Si Vis Pacem, Don't Listen to Joe Lieberman
If anything, the U.S. prepares too much for war and puts far too little effort into other aspects of statecraft.
As he usually does, Joe Lieberman is banging war drums:
A great Roman general said a long time ago, “If you want peace, prepare for war.” That is wise counsel worth following with Russia and Iran in 2022.
Hawks love to cite this phrase, which is originally traced back to Vegetius. He was not a “great Roman general.” He was the author of a military treatise written sometime in the late fourth or early fifth century. The exact wording from the treatise says, “He, therefore, who desires peace, should prepare for war.” This axiom often serves as a default justification for whatever hare-brained hardline policy hawks want to promote at the moment.
Hawks usually interpret this phrase in the most combative and militaristic way possible. It does not have to be read this way, but this is the way that hawks choose to read it. For someone like Lieberman, it is not enough simply to prepare for war. He wants the U.S. to seek conflict and rule out every path that might lead away from war. We see this in his recommendations for Russia and Iran policy: the U.S. must concede nothing, it must increase its demands, it must throw more weapons into both regions, and it must ratchet up tensions with more threats of U.S. military action as well. These are not recommendations to be prepared. They are a blueprint for stoking conflict.

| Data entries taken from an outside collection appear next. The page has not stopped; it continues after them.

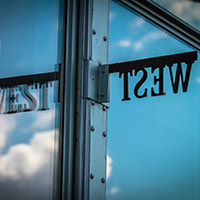 A metal West sign reflected in a window pane.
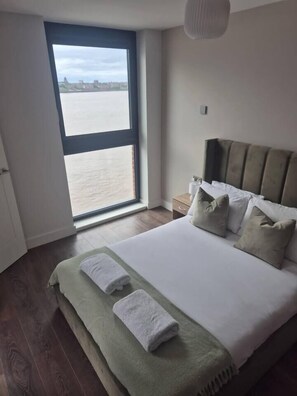 A bedroom with a large window, a bed with pillows, a bedside table, and a nightstand. - #132 Stylish Luxury Flat | Free Parking |City View (Merseyside)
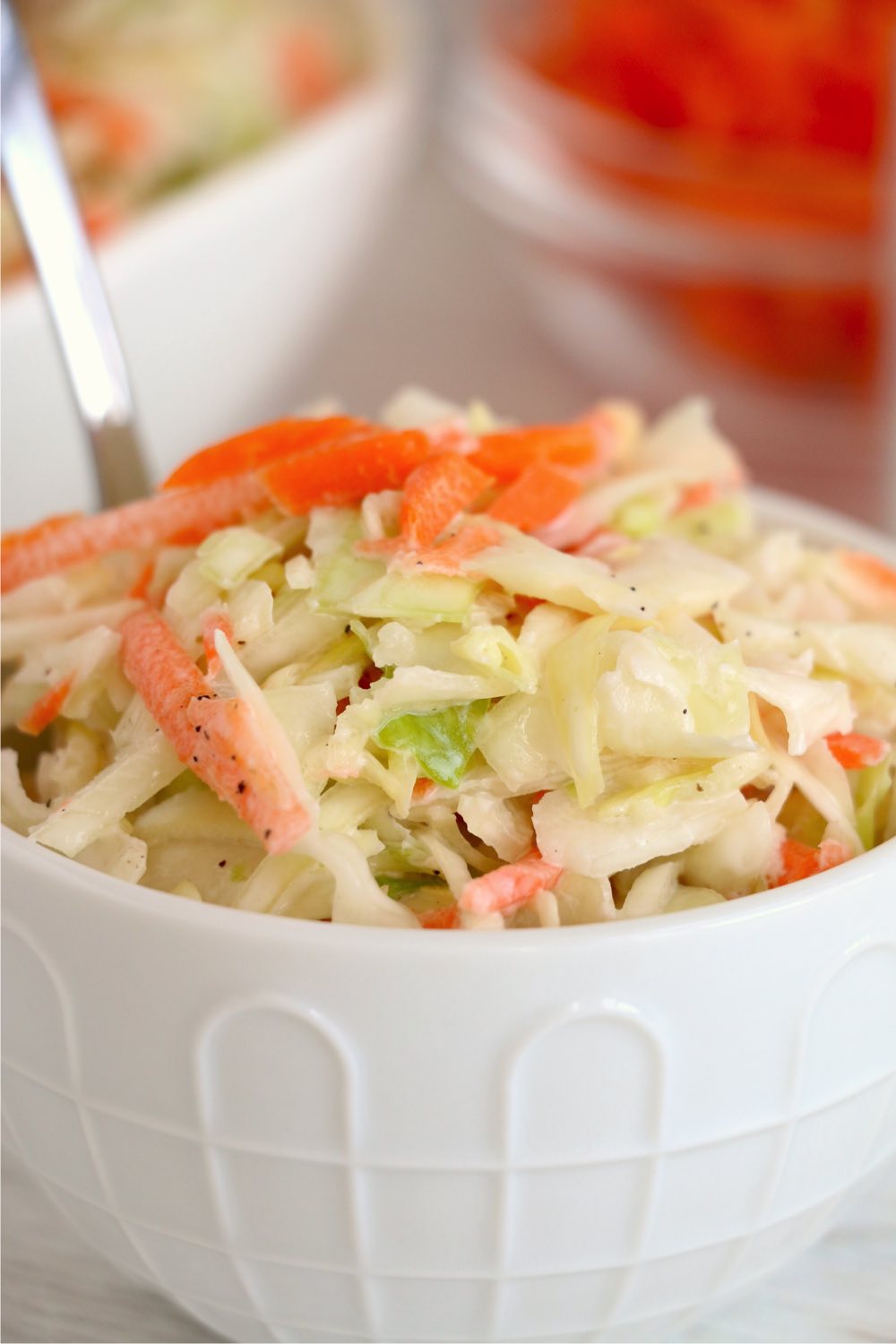up close shot of coleslaw in small white bowl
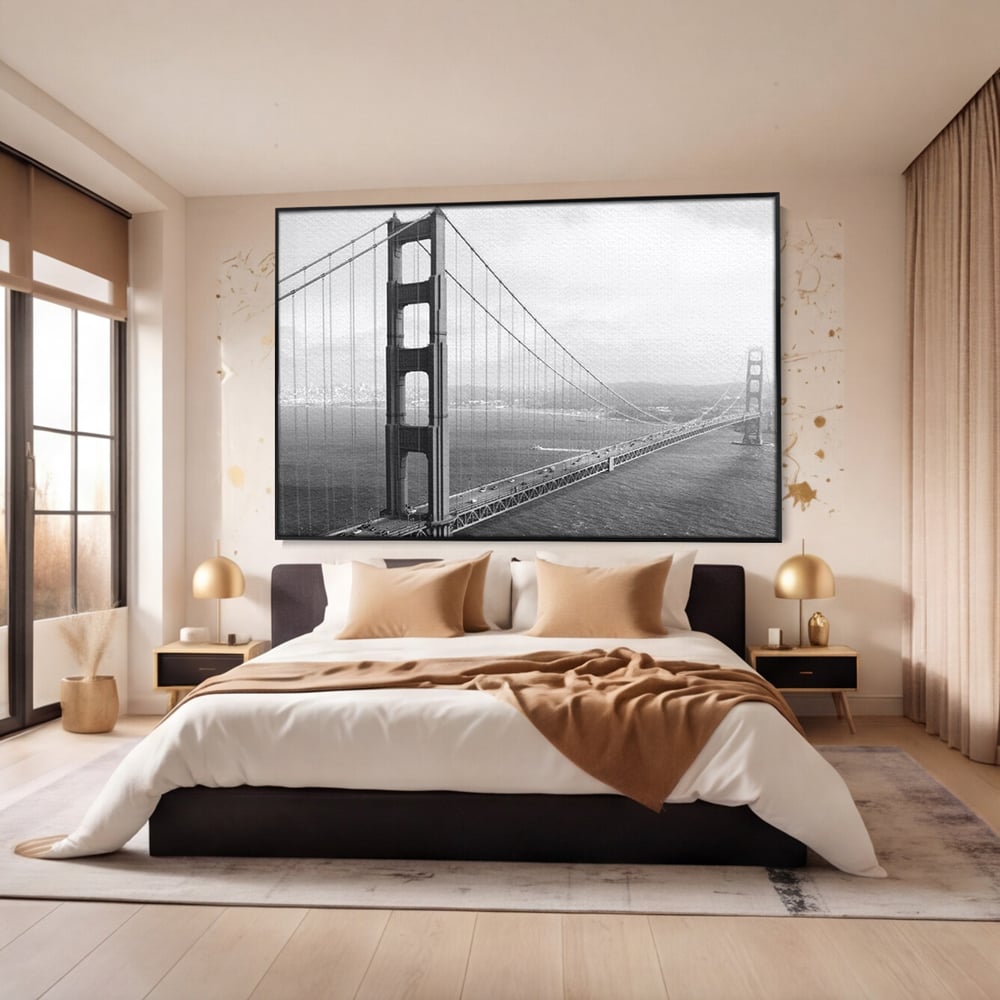 Tablou canvas cu fotografie alb-negru cu podul golden gate, in rama de aluminiu negru, pe perete intr-un dormitor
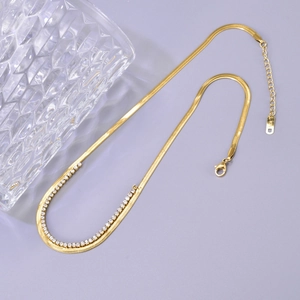 Detail of gold-plated herringbone and cubic zirconia layered chain with lobster clasp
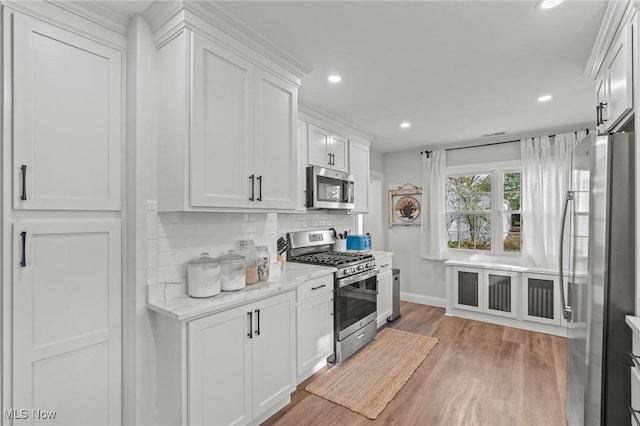 kitchen with white cabinetry, appliances with stainless steel finishes, light stone counters, and decorative backsplash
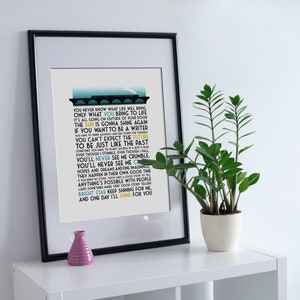 May include: A framed print with a black frame and a white background. The print features a blue and yellow graphic of a train with lyrics from the song "Bright Star" by Train. The lyrics include the words "You never know what life will bring, only what you bring to life."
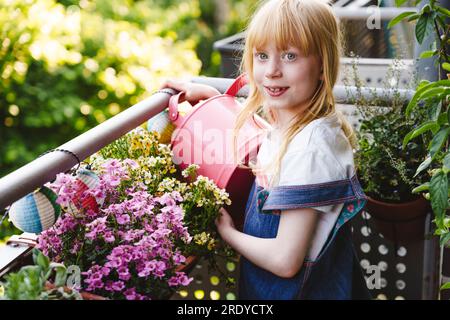 Fille souriante avec arrosoir debout à côté du pot de fleurs dans le balcon Banque D'Images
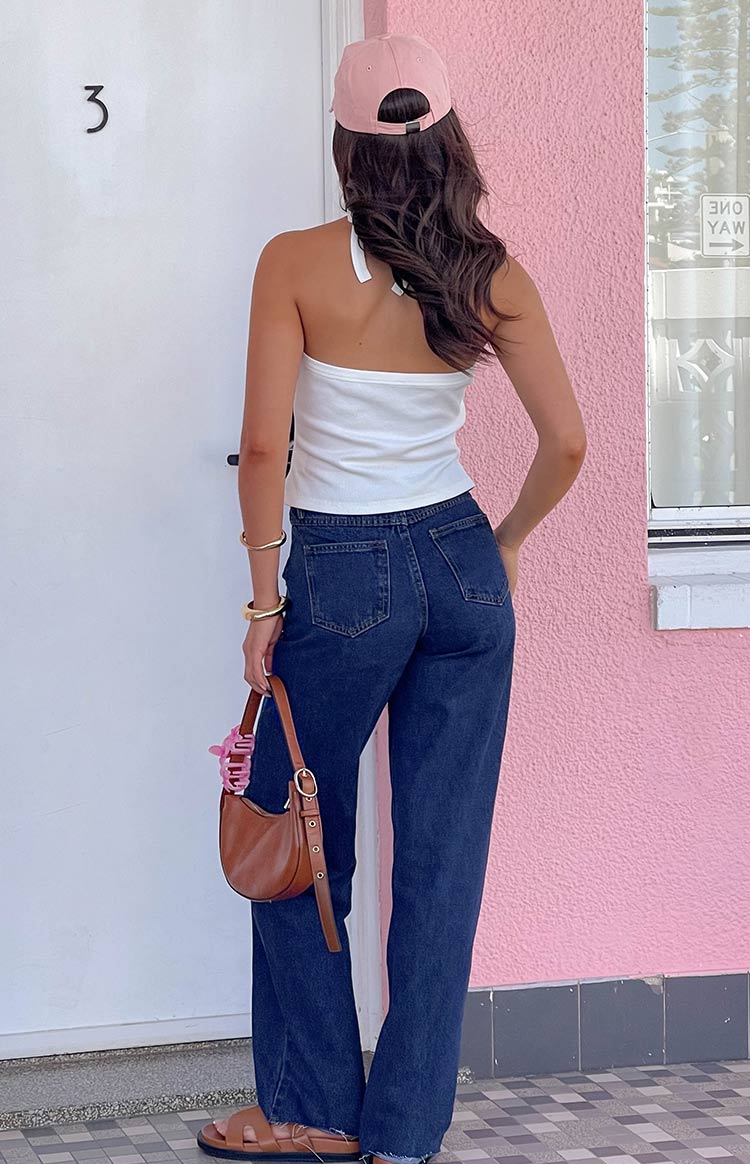 Rear view of dark blue straight leg jeans with back pockets and a raw hem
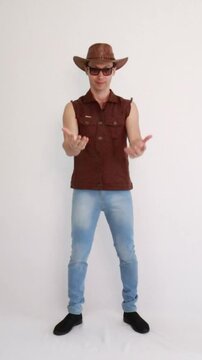 Modelo masculino vaqueiro da moda usando jeans e colete marrom e chap&eacute;u 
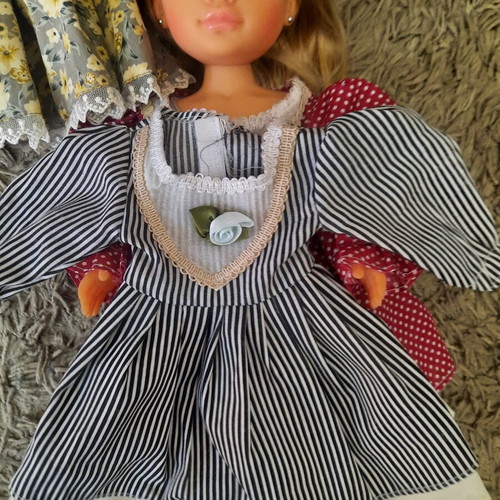 Nancy Famosa doll 2010 with 3 vintage dresses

Lieberman is the chairman of the poorly-named United Against Nuclear Iran, so it is no surprise that this is the Iran policy he wants. He is also an equal-opportunity militarist. He will endorse the same bankrupt coercive policies against pretty much any country that is at odds with the U.S. Just as he did when he was a senator, Lieberman wants to pick fights with all potential adversaries at the same time. It doesn’t occur to him that taking a hard line against Russia and Iran simultaneously might overstretch U.S. resources and put the U.S. at a disadvantage in both regions.
If anything, the U.S. prepares too much for war and puts far too little effort into other aspects of statecraft. Other states are well aware that the U.S. military is extremely powerful and our political leaders are only too happy to choose military options. Lieberman can’t or won’t admit that the current Ukraine crisis and the impasse with Iran are both products of hawkish U.S. policies that he supported, and when faced with the problems that overly aggressive U.S. policies have helped to create his only solution is to escalate further. As Josh Shifrinson and Stephen Wertheim pointed out recently, “What has brought about a crisis for the United States over Ukraine is not so much passivity as a legacy of overexertion, more of which would pose acute dangers.” The failure of “maximum pressure” against Iran is so obvious that it hardly needs to be explained. Listening to hawks put the U.S. in these bad situations, and it is a recipe for more failure and increased danger to listen to them again now.
Hawks like to present their aggressive policy preferences as a means to secure the peace, but these policies are typically destabilizing and make war more likely. Sometimes the costs of the war are borne by other countries, and sometimes the U.S. also suffers significant losses, but these conflicts are usually avoidable and all parties would be better off if our government had looked for ways to deescalate. If you want peace, don’t listen to Joe Lieberman or any of the other hawks that got us into these messes. When it comes down to it, they prefer war to compromise, and it is this aversion to compromise that keeps getting the U.S. into wars it doesn’t have to fight.